The collapsing pound has cast a dark shadow over the British dream of owning a place in the sun. More than a million Britons now own a second home overseas, and millions more have dreamed of joining them. But with the euro up 30% against our flailing currency, most will have given up on their plans to buy a little hideaway in France, Spain or beyond.

The pound isn't the only problem. Homeowners no longer have the spare equity in their UK property to fund the purchase, or the misplaced confidence that came with a decade of economic growth.

Cheap as chips

Those who already own a property overseas, particularly if they were tempted by the lower interest rates available on a local-denominated mortgage, are now paying the price for living in one coin and drawing their income in another. That's what happens if you build your home on the shifting sands of currency fluctuations.

"Spain is so cheap," they used to say, but we now know it wasn't Spain that was cheap, but its currency relative to the pound. It doesn't look so cheap now (although it may be again, if Spain flies the euro nest).

Come home

It's not all bad news. Many second homeowners will see the falling pound as an opportunity. The average property in France is worth £25,500 more than just four months ago, and £30,800 more than a year ago, according to figures from Foreign Currency Direct. This has handed overseas property owners a 22% capital increase, on average.

You won't make a killing, given that house prices are also folding on the continent, but it should help offset your losses.

It could also give you the leeway to slash the price of your property to encourage a quick sale - just in case the pound throws your plans into disarray again by staging an unexpected comeback. That's exactly what many Britons are doing. Foreign Currency Direct reports a 31% year-on-year increase in the number of Britons in Spain transferring their money back into sterling, plus 16% from France and 8% from Cyprus.

Selling up isn't as easy as it was, since you won't find so many Britons willing to buy your French farmhouse or apartment on the Costas.

And if you've shelled out for an apartment on a half-built golf resort in the deserts of Almeria, Spain, you might struggle to find anyone willing to take it off your hands.

The Dunkirk spirit.

The media has run plenty of stories of Britons driven back to rainy and recession-hit Blighty by the strength of the euro. There has been a touch of schadenfreude in some of these reports.
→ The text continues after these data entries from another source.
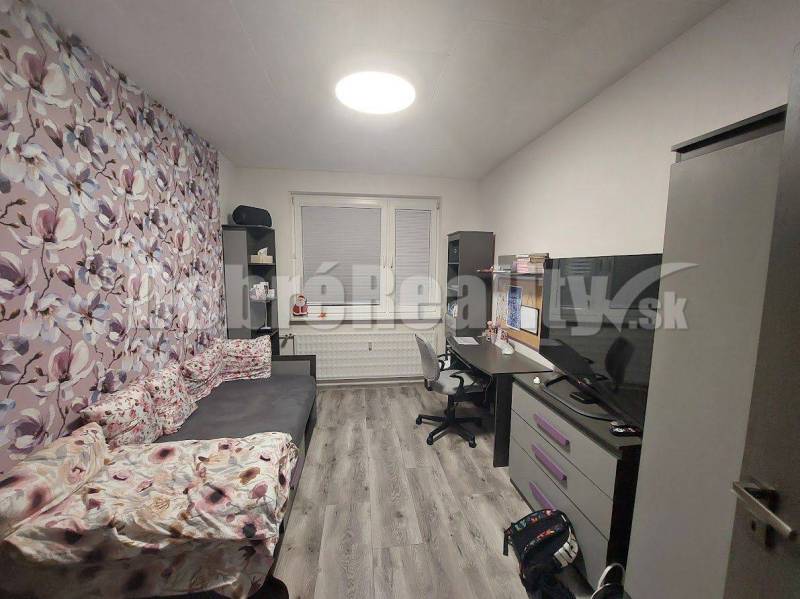 Prievidza Two bedroom apartment Rent reality Prievidza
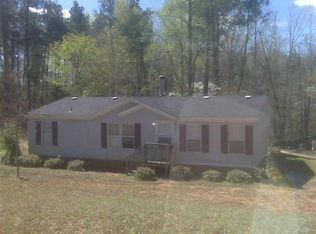 519 Co Bird Dr, Westminster, SC 29693
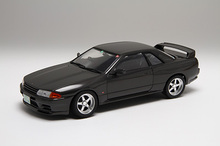 1/24 ISD2 スカイラインGT-R V・specⅡ(BNR32)中里毅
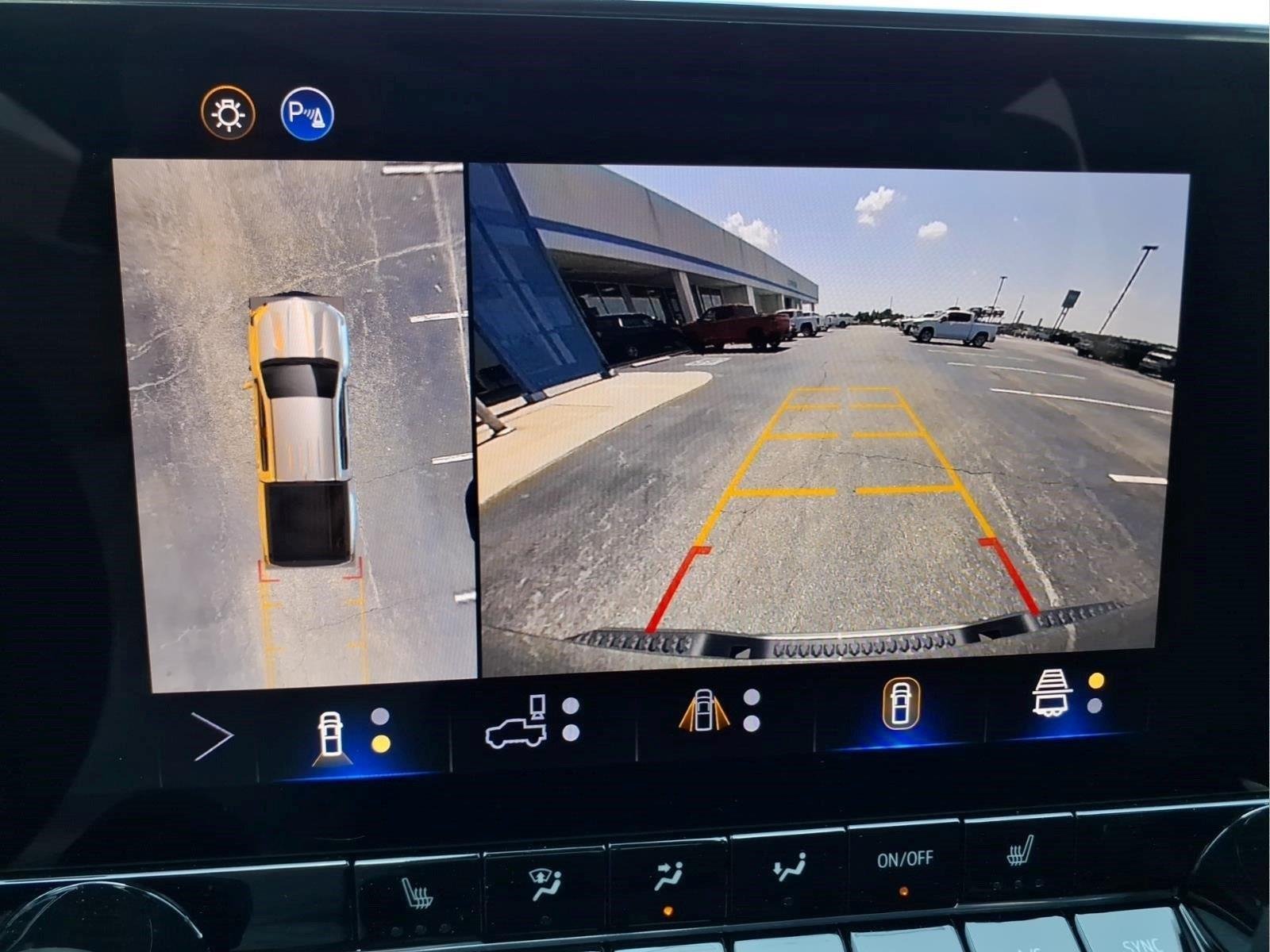 2026 Chevrolet Colorado LT - Photo 25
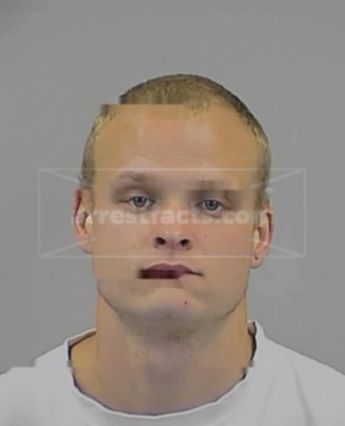 Brandon Gregory Ore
So should we welcome the expats back home, after years of being sunny and smug on their Costas?

I say we should, just as we did last time hundreds of thousands of Britons fled the continent for these humble shores, at Dunkirk. We've all earned a few hard lessons lately.

Stick it out.

Some people are giving up, returning to Britain with cautionary tales of foreign expeditions gone wrong. But others are toughing it out, in the old Chinese proverb, sitting on the riverbank, waiting for things to change. If they stress-tested their budgets for sharp currency movements, they should be able to hang on.

I'm holding the fort in Norway, even though the mighty krone is now doing to sterling what Vikings did to Northumberland centuries ago. I'm repaying only the interest on my mortgage, and building my savings in England in the hope of clearing a chunk of my debt if the pound recovers.

It's a risky strategy, and could backfire horribly, if the pound crumbles further, which looks more than likely.

I check the exchange rate several times a day, and if the pound does stage a comeback, however brief, I will quickly fix my exchange rate for the maximum two years my currency service HIFX allows. Because in a crisis, you can't beat peace of mind.

But if the pound goes into freefall, I'm selling up just as soon as I have fixed the roof. Just don't tell my Norwegian girlfriend.

Currency crunch.

Who knows, things could look very different in six months. Look at the dollar's sudden return to favour. Or count the vultures circling the euro.

I still wouldn't like to bet my mortgage on a recovery in the pound, but unfortunately I am.